Non solo. Quasi la metà delle richieste fatte dall’autorità al colosso informatico erano provviste di ingiunzione giudiziale, che impediva alla società di far sapere al cliente che l’FBI aveva avuto accesso ai suoi dati. In almeno 1752 casi, questo “divieto di trasmissione della notizia” era previsto a tempo indeterminato. Di fatto, l’autorità giudiziaria in quasi un quarto dei casi imponeva a Microsoft di non comunicare mai al cliente la trasmissione dei dati personali.

Microsoft ha sollevato la causa sottolineando che l’incostituzionalità eccepita dai propri legali consistesse nell’impossibilità, per il cliente, di sapere che i suoi dati erano sotto trattamento da parte dell’autorità giudiziaria. Inoltre, sempre secondo la multinazionale creata da Bill Gates, le richieste dei dati erano troppo numerose, e “impartite con leggerezza” senza discriminare i casi in cui ad essere in gioco fosse la sicurezza nazionale e quelli in cui non lo fosse. Fra i principi citati dal pool di legali di Google, annoveriamo quelli costituzionali che sanciscono il principio di “diritto all’informazione” e al “dovere di avvisare i cittadini che subiscono perquisizioni”.
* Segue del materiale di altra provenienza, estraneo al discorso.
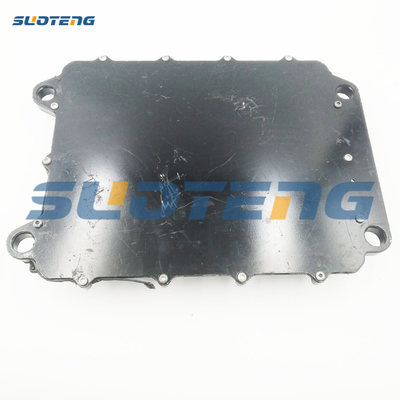 322-3601 Steuergerät ECU ECM 3223601 für C9
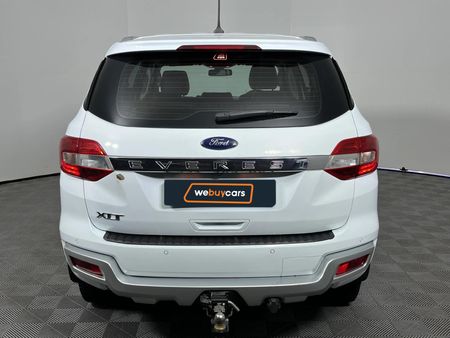 2017-Ford-Everest-22-TDCi-XLT-Auto_18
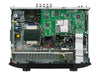 Marantz AV-Netzwerk-Receiver – 4K UHD, Surround Sound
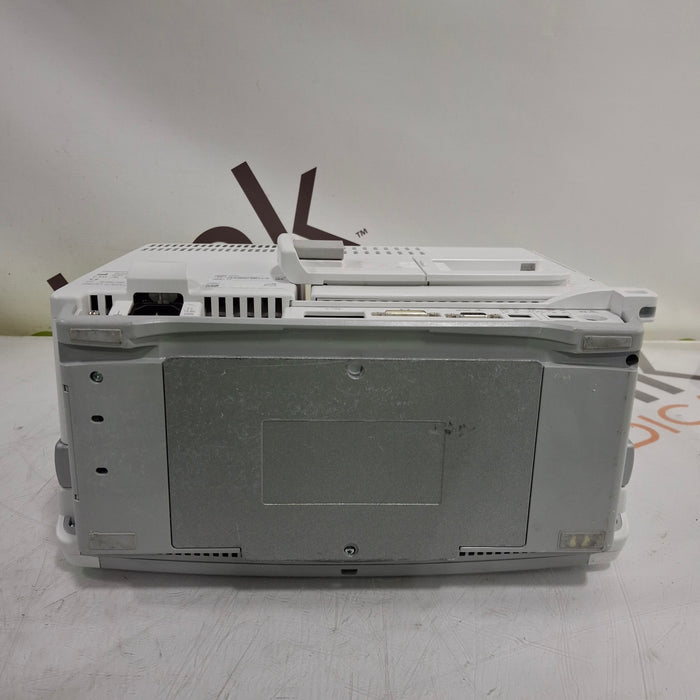 GE Healthcare GE Healthcare Carescape B650 Patient Monitor Patient Monitors reLink Medical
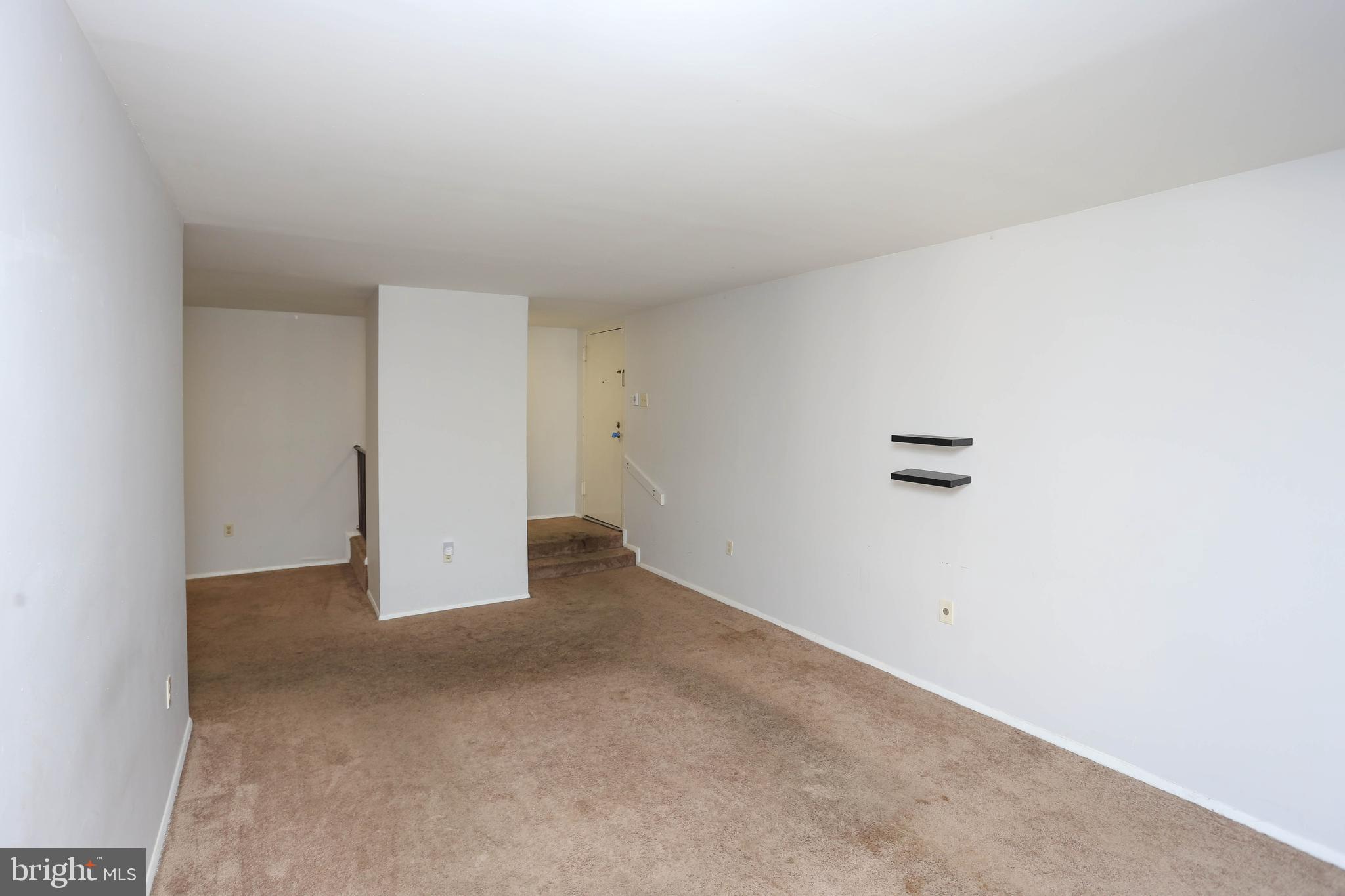 8013 Mandan Road, Unit 301 Greenbelt, MD 20770 - Photo 5 of 27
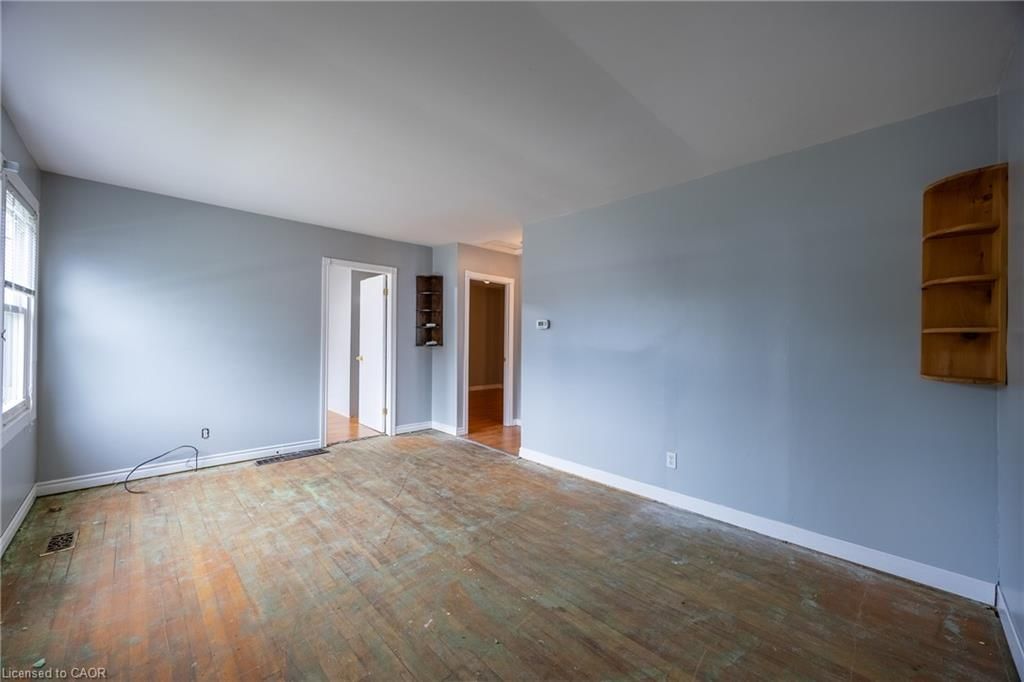 82 Salisbury Avenue — photo 4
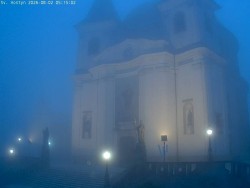 Basilica of the Assumption of the Virgin Mary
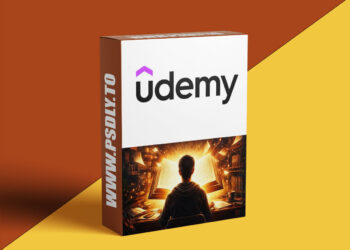 The Infinite Story Method: Hook Readers & Earn Income
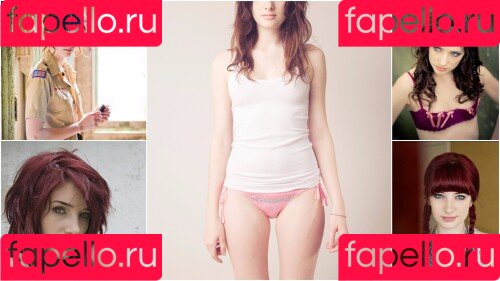 Susan Coffey Onlyfans Photo Gallery 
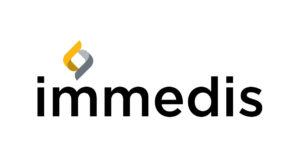 Solution Provider Review: Immedis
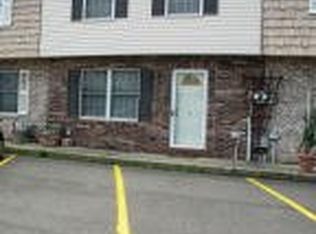 15 Belles Ave, Ashley, PA 18706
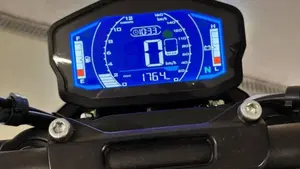 Kl Duel 125 (2023 - 24)  (6)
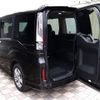 honda stepwagon 2017 -HONDA--Stepwgn 6AA-RP5--RP5-1054657---HONDA--Stepwgn 6AA-RP5--RP5-1054657- image 12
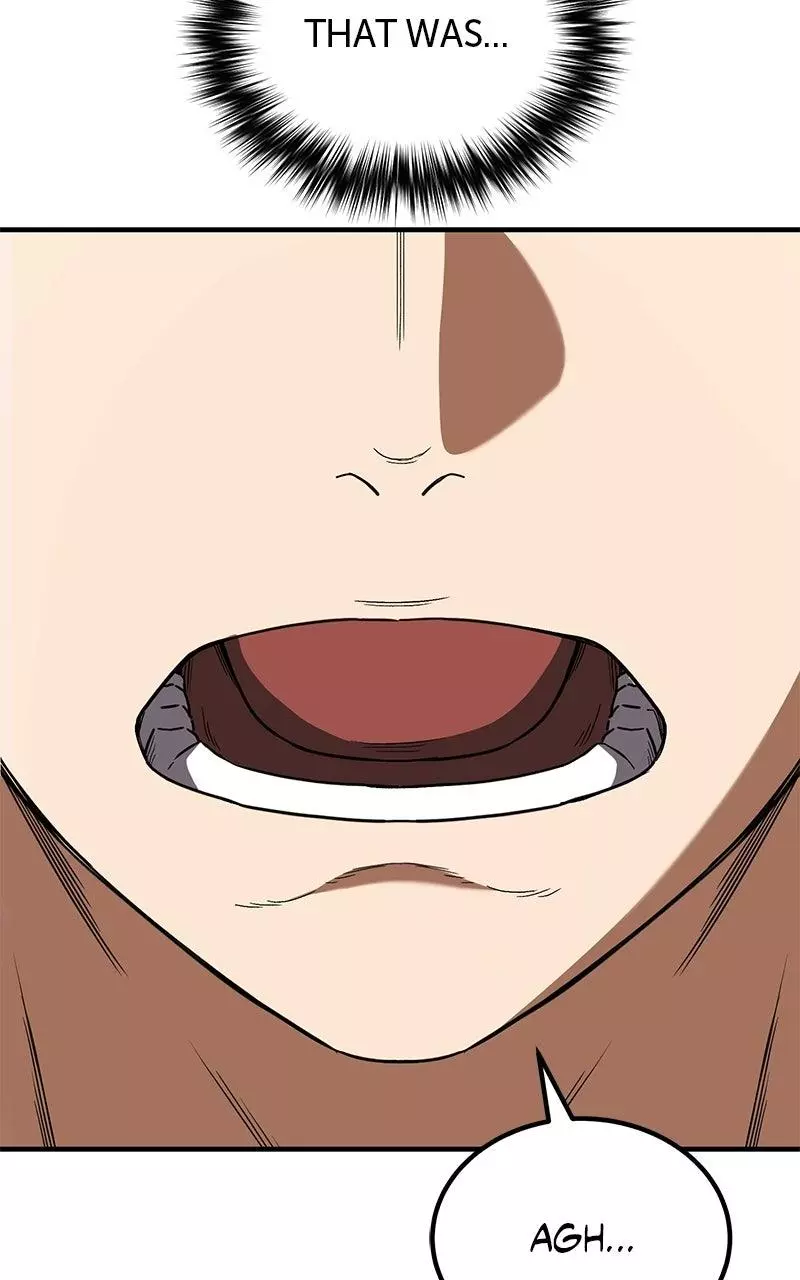 The Genius Midfielder with the Killer Pass Chapter 9 page 47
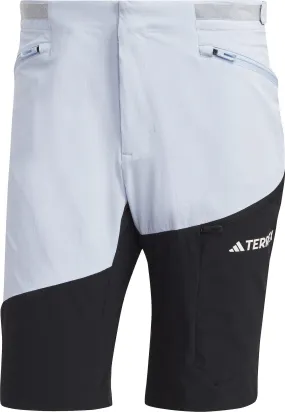 adidas Terrex Xperior Hiking Shorts - Herren Kletterhose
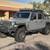 2020 Jeep Gladiator 4x4 4WD SUV Sport S LIFTED  TRUCK 3 LIFT ROOF RACK 9 thumbnail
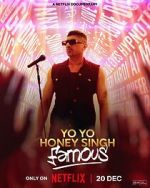Watch Yo Yo Honey Singh: Famous Movies123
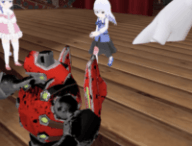 capture-decran-2018-01-22-a-15-01-20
Ovviamente la risposta dell’FBI non si è fatta attendere, basata sul presupposto che, nell’azione anti-terrorismo, sia ovviamente necessario non comunicare al sospettato che sia sotto controllo altrimenti questo potrebbe mutare irreparabilmente le modalità di comunicazione fra i complici, annullando di fatto la validità dell’investigazione.
Vedremo prossimamente gli sviluppi di questa guerra perenne fra il diritto alla privacy e all’informazione e quello della sicurezza nazionale e della lotta al terrorismo.